Ekonomi AS tengah dihantam badai. Kenaikan harga energi dan pangan melejitkan inflasi, memukul daya beli saat penciptaan lapangan kerja masih sulit dicapai. Untuk meredamnya, The Fed memilih menaikkan suku bunga acuan hingga 75 basis poin, meski kebijakan ini diyakini kurang mempan untuk meredam inflasi.
Kepala Ekonom Bank Central Asia (BCA) David Sumual menyebut, ekonomi AS akan mengalami resesi tahun depan. “Saat ini, kekhawatiran masih terkait inflasi tinggi dan bisa berlanjut ke resesi ekonomi,” sebut David.
Indonesia tak imun terhadap efek potensi resesi AS. mencermati. Pertama, laju inflasi domestik berpotensi melonjak karena membengkaknya biaya impor bahan baku dan barang konsumsi. Kedua, melemahnya nilai tukar rupiah karena hengkangnya arus modal asing dari pasar keuangan Indonesia. Tekanan terhadap rupiah juga akan ikut menambah inflasi atau imported inflation. Ketiga, imbal hasil (yield) surat utang negara ikut meningkat dan berbanding terbalik dengan harga obligasi. Jika harga turun, berarti ada aksi jual di pasar obligasi. Keempat, dampak ke kinerja perdagangan internasional Indonesia ikut terganggu.

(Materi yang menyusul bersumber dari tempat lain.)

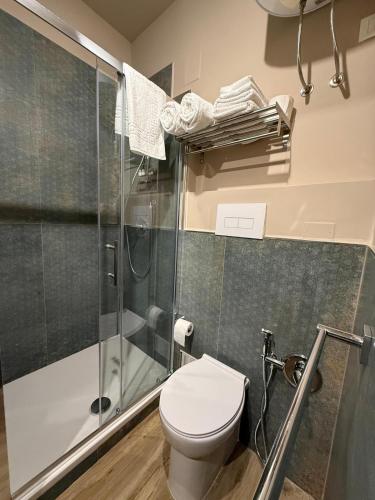 a bathroom with a toilet and a shower at Titti's Nest in Casteldaccia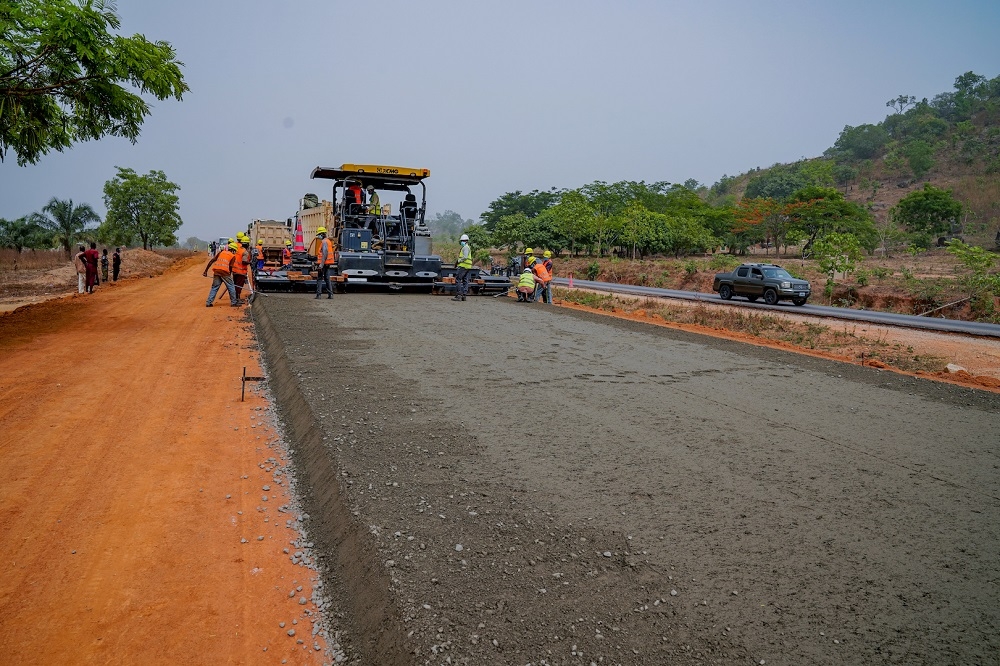 Personnel of China Harbour Engineering Company Ltd (CHEC) at work  during the inspection of the ongoing construction work on the expansion of 5.4km Abuja - Keffi Expressway and Dualization of Keffi - Akwanga - Lafia - Makurdi Road spanning the FCT, Nasarawa and Benue States during an inspection tour by the Hon. Minister of Works and Housing, Mr Babatunde Fashola,SAN and the Hon. Minister of State in the Ministry, Engr. Abubakar Aliyu  on Tuesday, 30th March 2021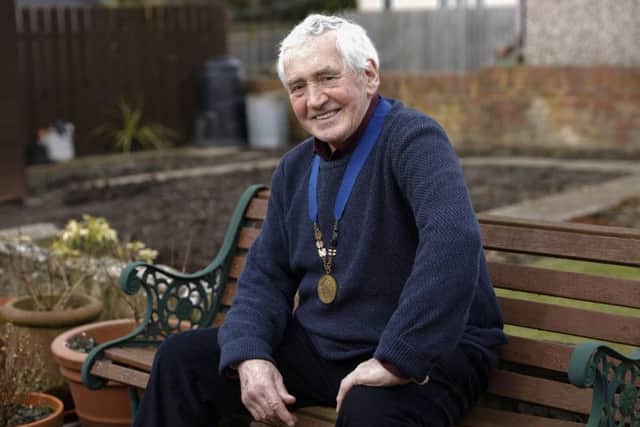 Jim Alder at his home in Ellington, Northumberland, with his 1966 Commonwealth Games marathon gold medal round his neck.Picture: John Millard.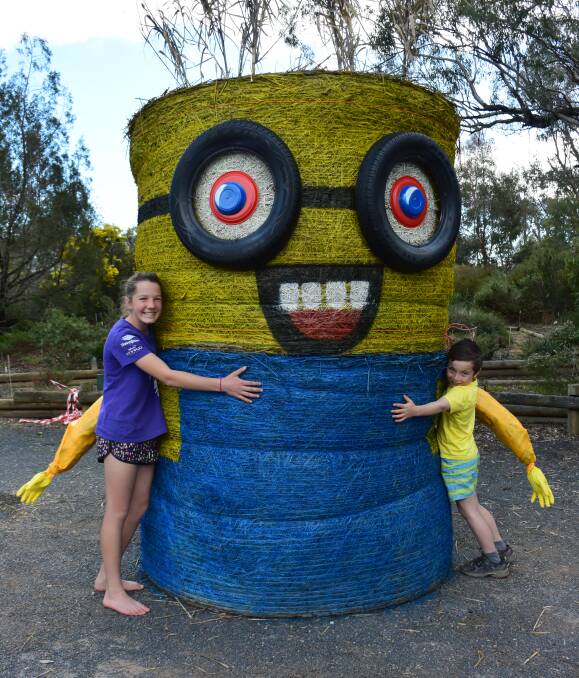Minion making hay: Burrumbuttock duo Ahlani Eddy, 14, and Oliver Donovan, 8, with the bales which have been turned into a Minion outside the Wirraminna environment centre. 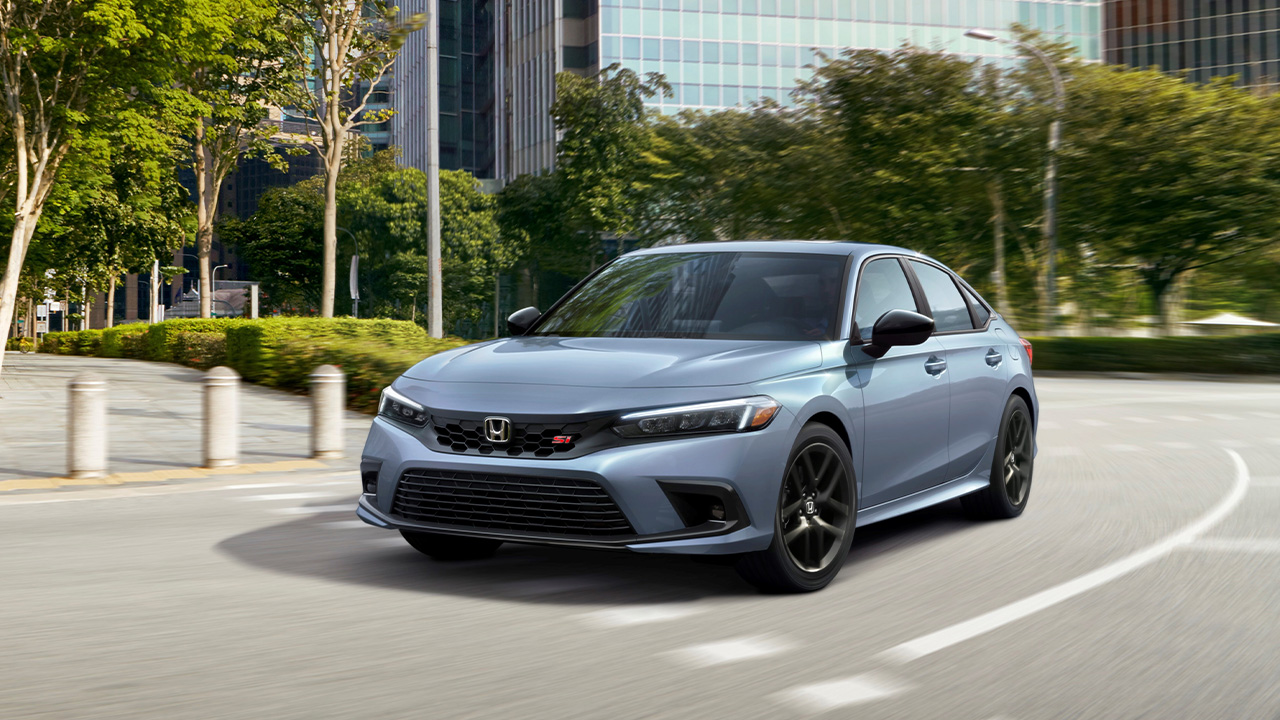 An eleventh generation Honda Civic Si in gray, front 3/4 view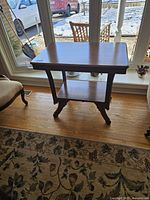 Front view of the antique Victorian walnut entry table showing the rectangular top and lower shelf with carved leg details.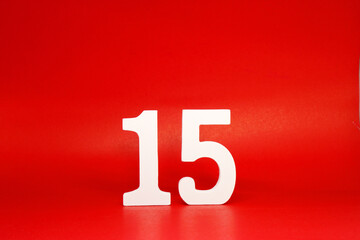 Fifteen ( 15 ) white number wooden Isolated Red Background with Copy Space - New promotion 15% Percentage  Business finance Concept 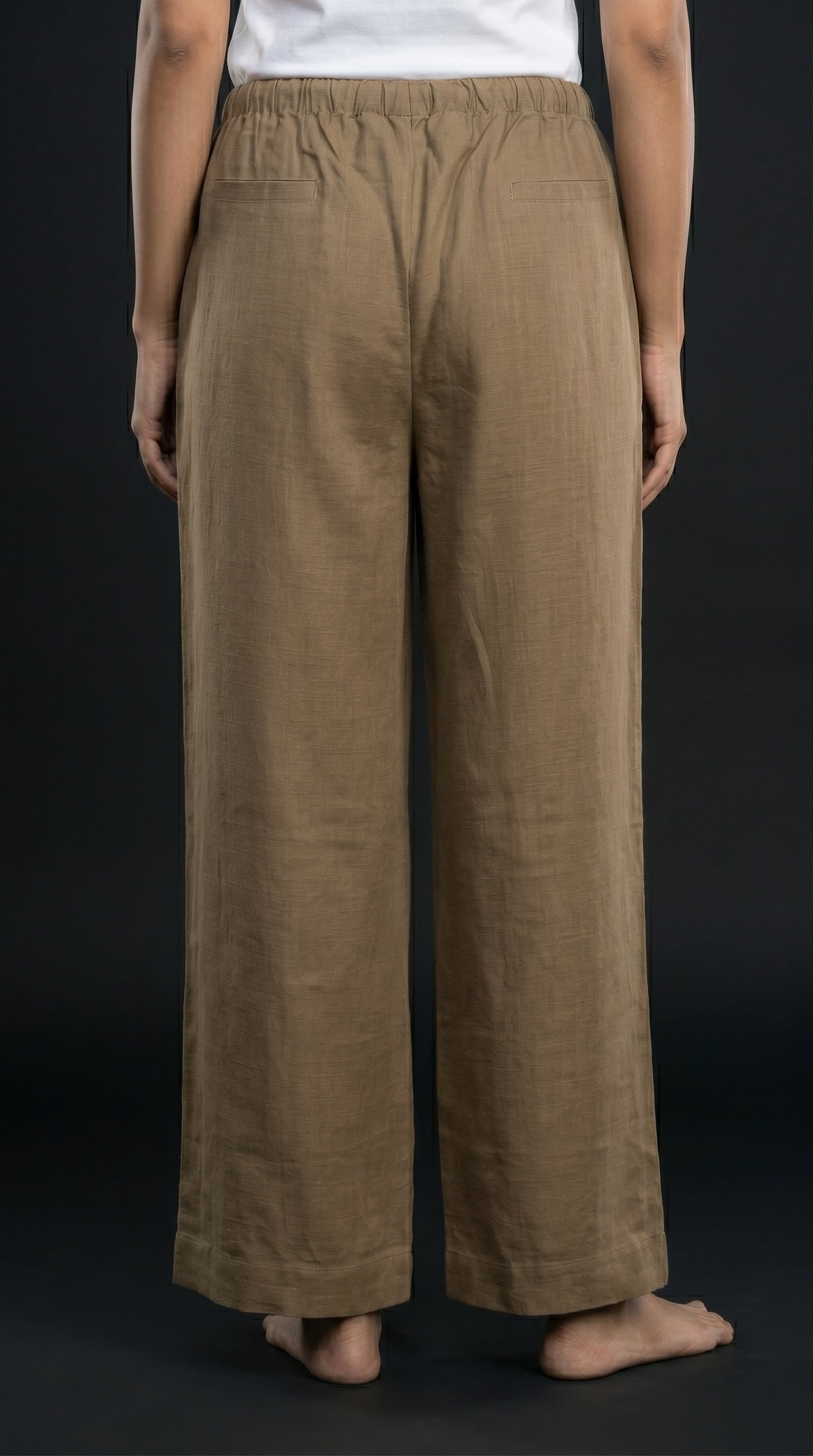 Person wearing khaki wide-leg pants on a black background
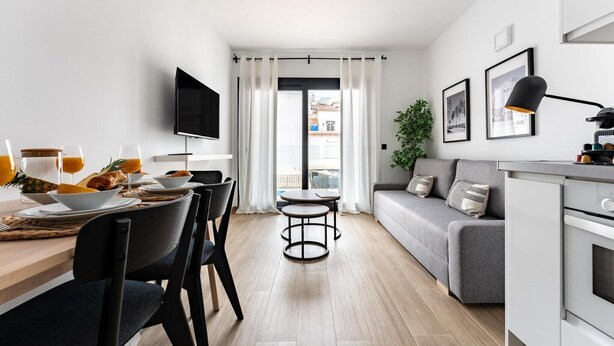 A modern kitchen with a dining area, a sofa, and a TV. - Boutique Apartment in Faro's Fuengirola (Fuengirola)
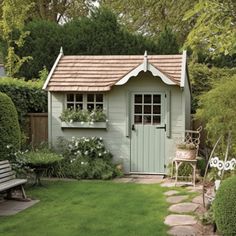 a small garden shed in the middle of a yard with stepping stones leading to it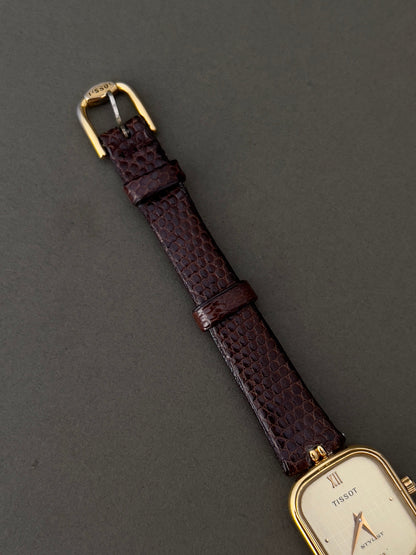 Tissot Stylist Gold Cushion Women’s Watch with Patterned Dial — close view of dial, strap and buckle.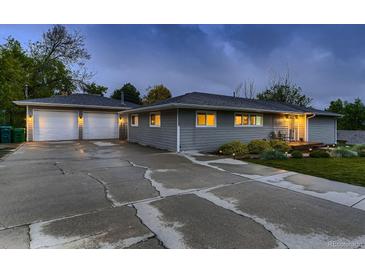Charming home with a two-car garage and spacious cracked driveway at dusk at 1100 E Harvey St, Castle Rock, CO 80108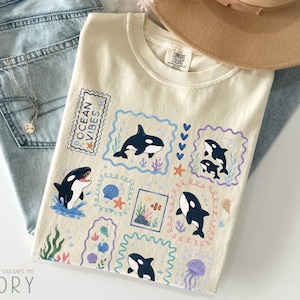 May include: An ivory t-shirt featuring a graphic print of multiple orca whales, seashells, coral, and a jellyfish arranged in rectangular frames. The text "OCEAN VIBES" is printed in a vertical stamp-like box. The design uses blue, purple, and orange.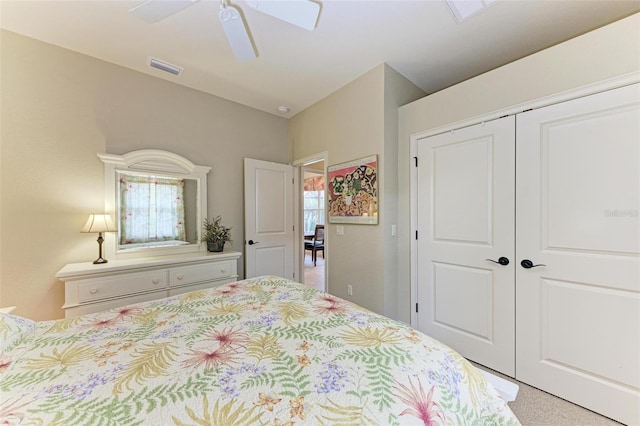 carpeted bedroom featuring a skylight, ceiling fan, and a closet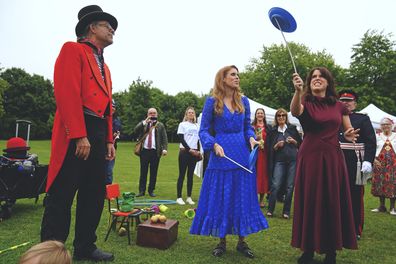 Princess Beatrice, centre, and Princess Eugenie attempt to spin plates during the Big Jubilee Lunch organized by Westminster Council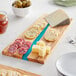 An American Metalcraft rectangular olive wood serving board with cheese and crackers on it.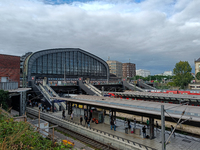 Hamburg Main Station, one of Germany's busiest train stations, showcases a lively scene of commuters and travelers in Hamburg, Germany, on A...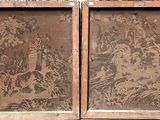 two wooden frames with a pattern on them on the wall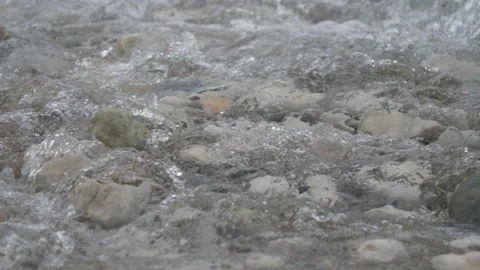 A stream of water flowing over stone surface. Stock Footage 145084188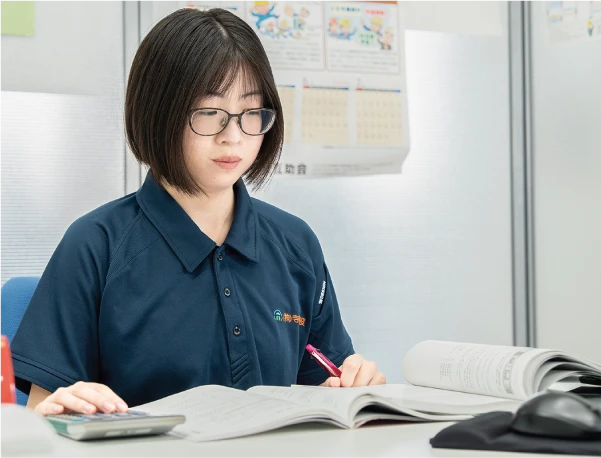 デスクで資料を確認するIさん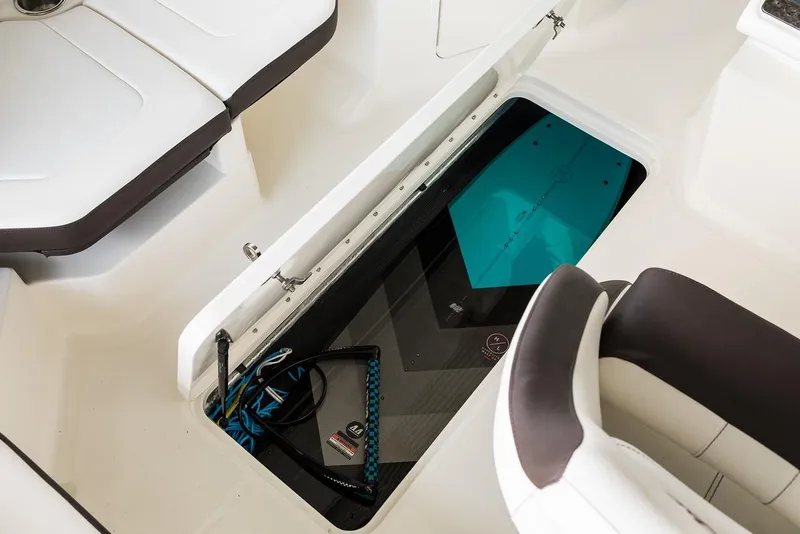 Slide: The Image of Manufacturer Provided Image: 2019 Sea Ray SPX 190 OB boat interior storage compartment with wakeboard and equipment. - 17
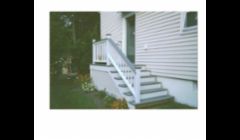 Constructed of low maintenance, rot resistant materials... this side entrance to a home in Dartmouth replaced a failing concrete set of stairs.
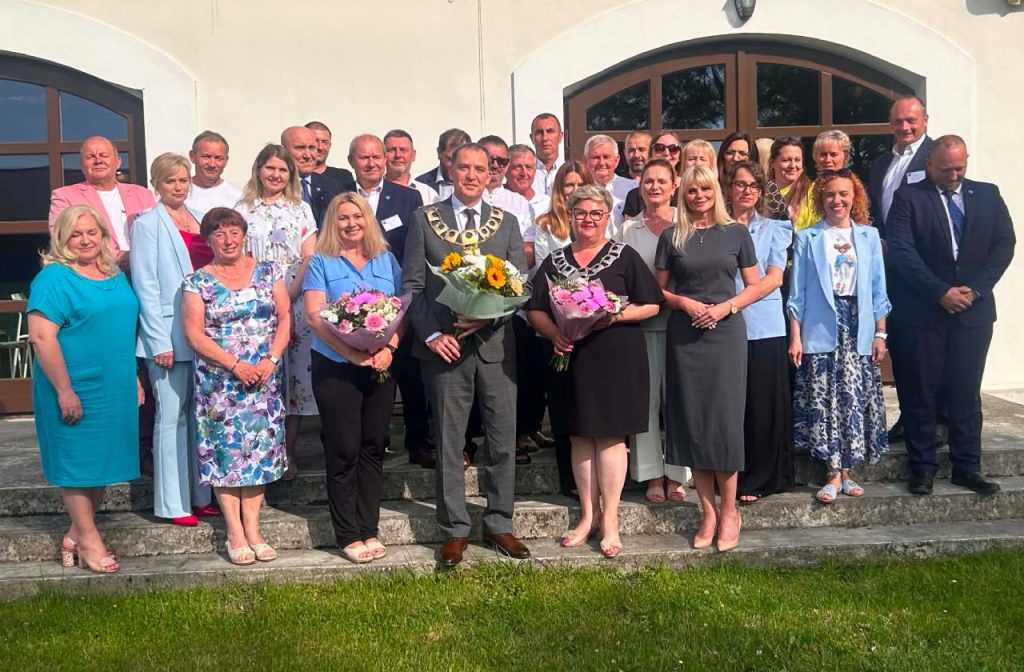 grupa wszystkich obecnych na sesji pozuje do zdjęcia. Wójta, Przewodnicząca Rady i Skarbnik Gminy trzymają w rękach bukiety kwiatów.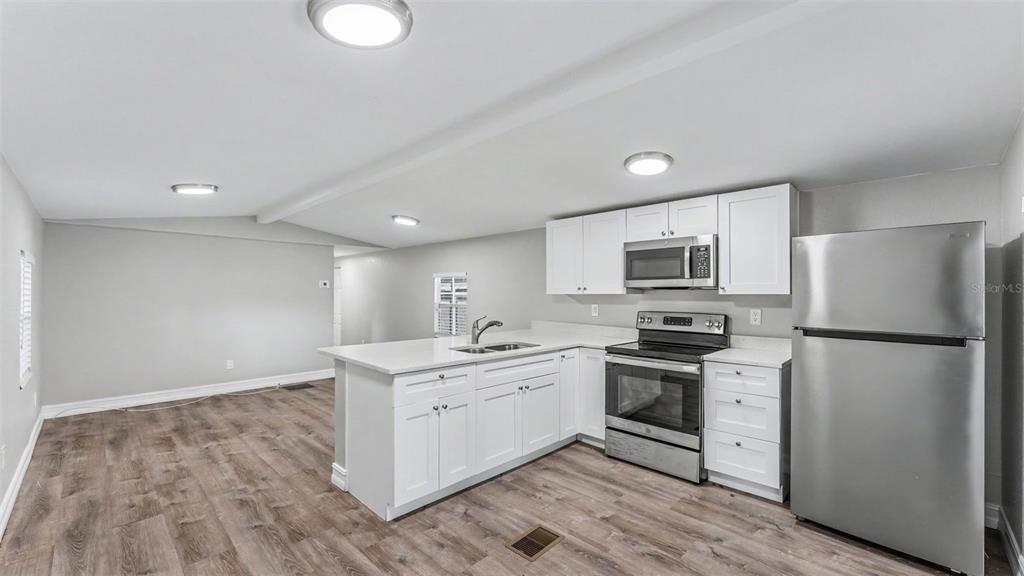 A kitchen with white cabinets, stainless steel appliances, and wood-look flooring in an open space — 212 KAYLOR DRIVE, AUBURNDALE, FL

Karena itu, David berharap pemerintah menguatkan ekonomi domestik dengan berbagai kebijakan. Pertama, menjaga suplai pangan baik yang bersumber dari lokal mapun impor. Untuk lokal, harus dengan kerja sama antardaerah agar inflasi tidak naik tinggi. Kedua, menjaga daya beli masyarakat dengan memberikan subsidi atau bantalan sosial lain yang tepat, sasaran. Ketiga, Bank Indonesia (BI) harus menjaga inflasi dengan melakukan normalisasi likuiditas lewat peningkatan tarif giro wajib minimum serta menjaga kurs rupiah.